Luckily, art has regularly provided counterpoint to the ruling class. In classical music, there is an odd genre of “protest music” — music that served as a large public display of dissent, involving dozens of possibly unknowing musicians and hundreds of audience members, all masked as an evening of entertainment. (Hint: in the mainstream orchestral canon, much of this music is Russian.) We tend to put the burden of speaking up to the voiceless, or whom we consider so. We want the oppressed to respond beautifully, in galleries and concert halls, so we can lift them up a foot or two after they’ve climbed brutal miles alone.

I am thinking about the art that informs another: sculptures come from symphonies, which come from novels, which come from folktales, or any countless combinations of those plus others.
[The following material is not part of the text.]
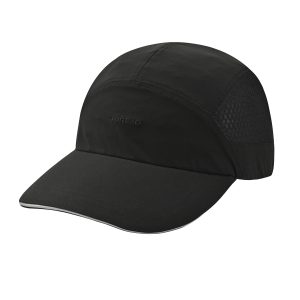 Quick Drying Cap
It’s not about preserving culture, but building upon it. Even in an apocalyptic society, scraps can be resembled, but the goal should never be recreation. More accurately, I am thinking about how we can make something new now, not something that somehow recreates what we once had. 
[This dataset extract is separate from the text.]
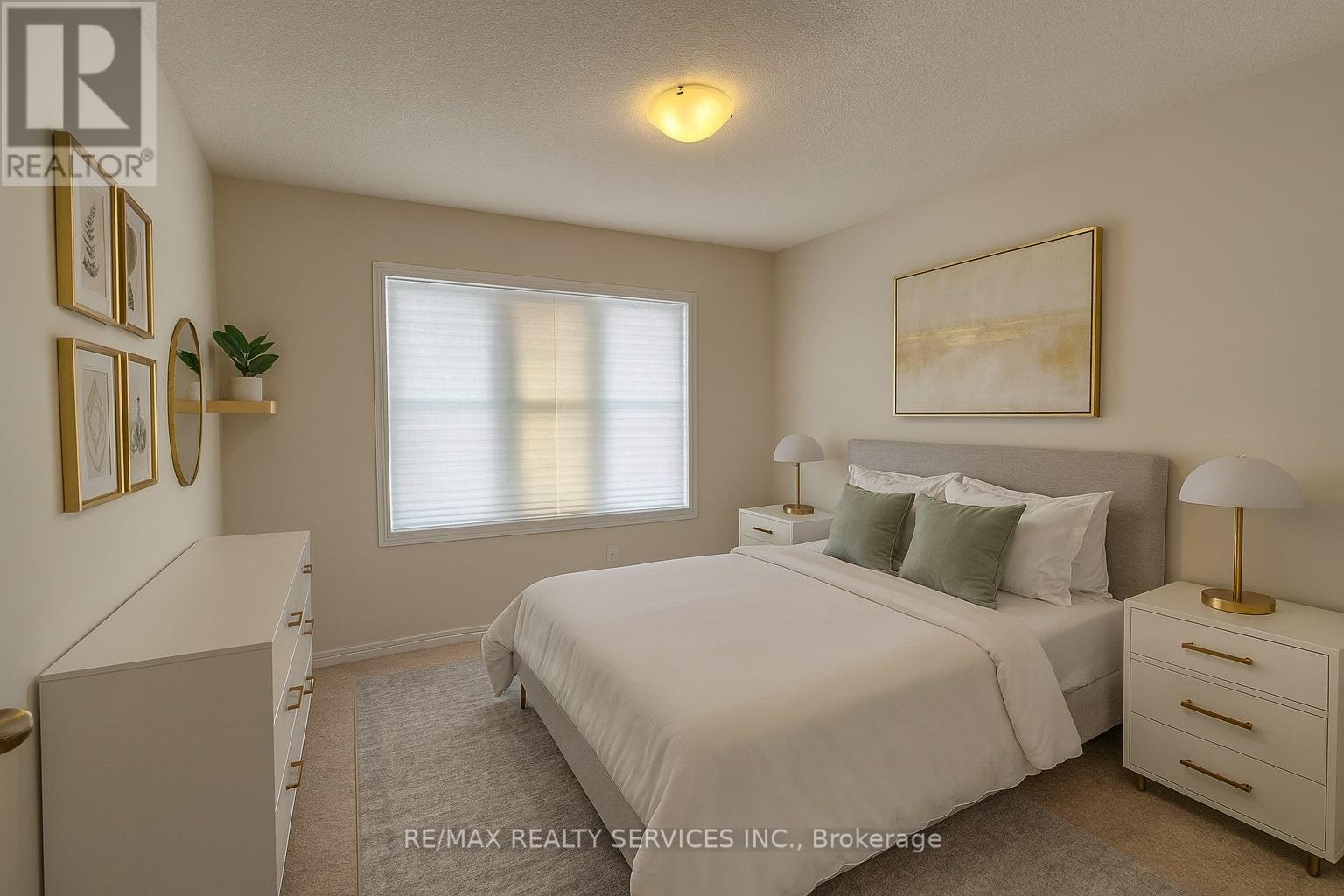 144 Baffin Crescent, Brampton, Ontario L7A 0C7 - Photo 14 - W12557456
We continue to be a discipline that looks back. This is in part due to how we write our own history: with titles in the rear view. Postmodern. Post-romantic. Neoclassical. We celebrate the protests past and neglect the issues in front of us. Now more than ever we need to seek out and celebrate diverse music; now more than ever we need to address the uneven distribution of resources to do so. 

Our eras are named for the large-scale societal events and the art that reflects them. I’m happy to see a spike in accessible digital performance during these two months of social isolation, but it would be a waste if this was the protest music of our era. Living room concerts are in solidarity, not opposition. Both are valid and necessary, but one carries more teeth, the other forces us to address our privilege. It’s simultaneously sexist, racist, and classist to think we all live in this same era together, and not with some of us watching it unfold from the sidelines. 

This is all combined with our collective ambivalence to make anything at all. The ability to battle through that also comes from privilege. Our history of the moment shouldn’t be surveyed like a bag of rice, quantifiable data only. It’s a true lack of imagination to be blind to the inequities. 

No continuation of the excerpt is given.